It was 1921 and New York was roaring. Out of the uncertain darkness of World War I stepped a nation on the cusp of a Golden Age.

The outward, upward expansion of America’s cities mirrored the attitudes of their inhabitants. Yearning for prosperity, outstretched arms raced high-rise buildings to the sky.

Across the Atlantic, people took notice of these developments and a steady stream of immigrants from across an ocean made their way through Ellis Island and into New York, New Jersey, Massachusetts, and Pennsylvania, bringing with them their Irish, Scottish, English, Polish, and German traditions that would shape America in the years to come.

So maybe it didn’t start in Hotel Astor. Like everything else in this great, vast country, soccer has its roots steeped in the waters of the Atlantic.

A Victorian Era Crowd in England

Humble Beginnings Before Prominence

The beginnings of the sport in the United States were humble. Near-exclusively amateur clubs competed in local leagues around the nation, founded by Irish and English immigrants who brought their then-new Victorian pastime to an America picking itself up after the Civil War in the final quarter of the 19th century.

As immigration increased in the 1870’s, working class communities in the industrial West Hudson region of New York, New Jersey, and Philadelphia took to the game. Local pick-up games and informal competitions grew into established clubs on the back of organic community support, and the fever spread northward toward Fall River and New Bedford, Massachusetts. Before long, the corporations which employed many of the members of these early soccer-obsessed communities began to sponsor clubs, leading to the formalization of local and regional leagues.

Stix, Baer and Fuller F.C. competed in a later incarnation of the St. Louis Soccer League

By the 1880’s, this trend had spread outward to Rhode Island, Pittsburgh, Baltimore, Chicago, and St. Louis as immigration proliferated westward and communities continued to develop; however this expansion was not without its obstacles. Soccer’s growth was competing with that of baseball, then — as now — seen as the ubiquitous American pastime. The colliding forces of immigrants wishing to “Americanize” and assimilate by way of baseball and the perception that soccer was a sport for foreigners hampered the growth of the sport, preventing it from continuing on its steep upward trajectory and cementing itself into Americana.
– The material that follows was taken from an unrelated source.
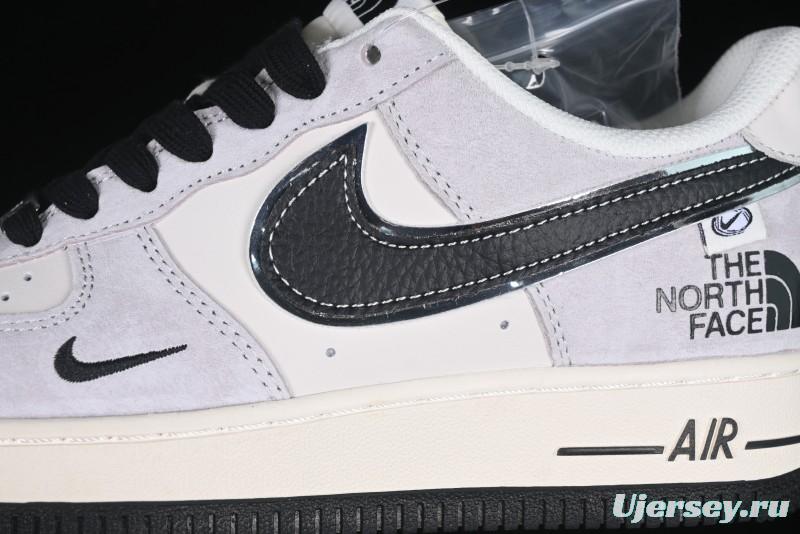 Nike Air Force 1 '07 Low The North Face Collaboration Beige Grey Carbon Black Swoosh Low-Top Casual Sneakers - XZ6188-916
Consequently, soccer would retain its amateur status throughout the country until the early 20th century.

Turn of the Century

In 1895, the National Association Football League was formed as the premier national soccer league, drawing its teams mainly from New York City and New Jersey. Though the league had promise, infrastructure at the time prevented frequent cross-country travel, limiting the region in which the league could operate.

Unfortunately, the league found itself doomed by external causes before it could develop a foothold. The Spanish-American War brought with it a deep recession, forcing the NAFBL to suspend operations in 1899. It would not recover until 1906, when it was re-established and operated until 1921 as an amateur and semi-professional organization.

Thomas Cahill and the Beginnings of Professionalism

Thomas Cahill was born in New York City to Irish-American immigrants in 1864. Seven years later, he moved to St. Louis, Missouri, where he would later attend St. Louis University and garner a reputation as one of America’s preeminent amateur athletes. Like many early generation immigrants, Cahill’s desire to be American led him to baseball and track and field sports. It wasn’t until 1897 that Cahill became interested in soccer after watching a match played between a St. Louis team and a visiting squad from Toronto.

Thomas Cahill

From then on, the man who would later be honored as one of the founding fathers of American soccer began to grow the game in his adopted hometown. He founded the St. Louis Shamrocks, who competed in the local St. Louis Association Foot Ball League, winning titles in 1898 and 1899.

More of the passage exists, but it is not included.